Yo ardía con la llama de Voltaire; me tratabas con la elegancia de Darío. Traía la inspiración de un pálido Musset; te escapabas como lo hacía su Lucía. El público te buscaba por doquier; te entretenías con ficciones de papel y no llegabas a verme entre las aguas que de a poco te envolvían. Yo, procuraba alcanzarte cual relato con un fondo de agua. No había un atisbo de melancolía en tu boca que dulcemente me daba su cálida despedida.
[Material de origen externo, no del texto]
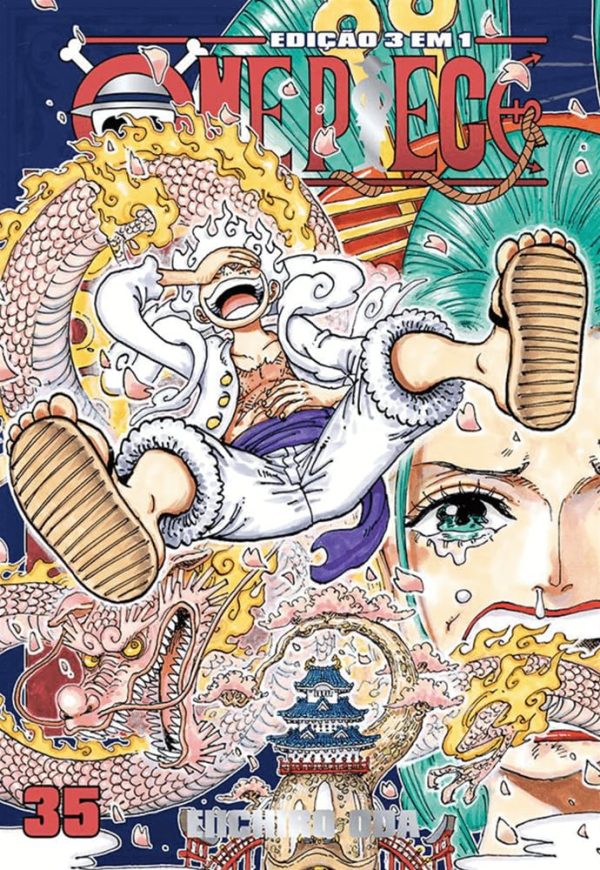 Panini : One Piece 3 x 1 : Vol. 35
Con la mirada llena de preguntas: ¿cómo iba a decirte que me dolías justo ahí donde menos pertenecías? En medio de un parque lloraba simulando que te sonreía. Me mirabas y te sonrojabas. Adiviné que nunca te gustó ese espectáculo de cafés y tertulias. Estabas buscando comodidad y terminaste por incomodarme la vida. La diste vuelta como la página de cualquier libro. Te entusiasmaste con el contenido, pero en verdad no te llenaba mi literatura. Eras de autores nihilistas, de los oscuros, de los malditos. De los que poco se les entiende porque escriben para sí mismos. Como a vos que te encantaba verte sonreír mientras charlabas conmigo. Esos impulsos de ferviente insipidez ante la página en blanco que rellenabas con un estilo agudo y disimulado. Como cuando me besaste y tu boca sabía a desahuciadas lilas. Esas vanidosas flores arrancadas a su suerte que terminan muriendo en un color violáceo y desteñido. Se me helaron los labios con el rubor de tus mejillas. Se congelaron mis huesos con tu voluptuosa cintura. Toda aquella aglomeración de imágenes vírgenes me arrojaban hacía un abismo que dentro mío terminaba por derramarse en vos. Y no me dejabas salir. Nunca me dejaste salir de vos. Me atrapaste y cuando quise pedir auxilio me dijiste que siempre estuve fuera. Que siempre fui yo el de la hermenéutica equívoca, el de las metáforas sinsentido, el del barroco absurdo y disonante, el romántico empedernido, el errante rapsoda de falsos mitos.
Me alejé sin mediar palabra. Me volví a la lira. Me volví a mi ritmo. Me volví a mi vida.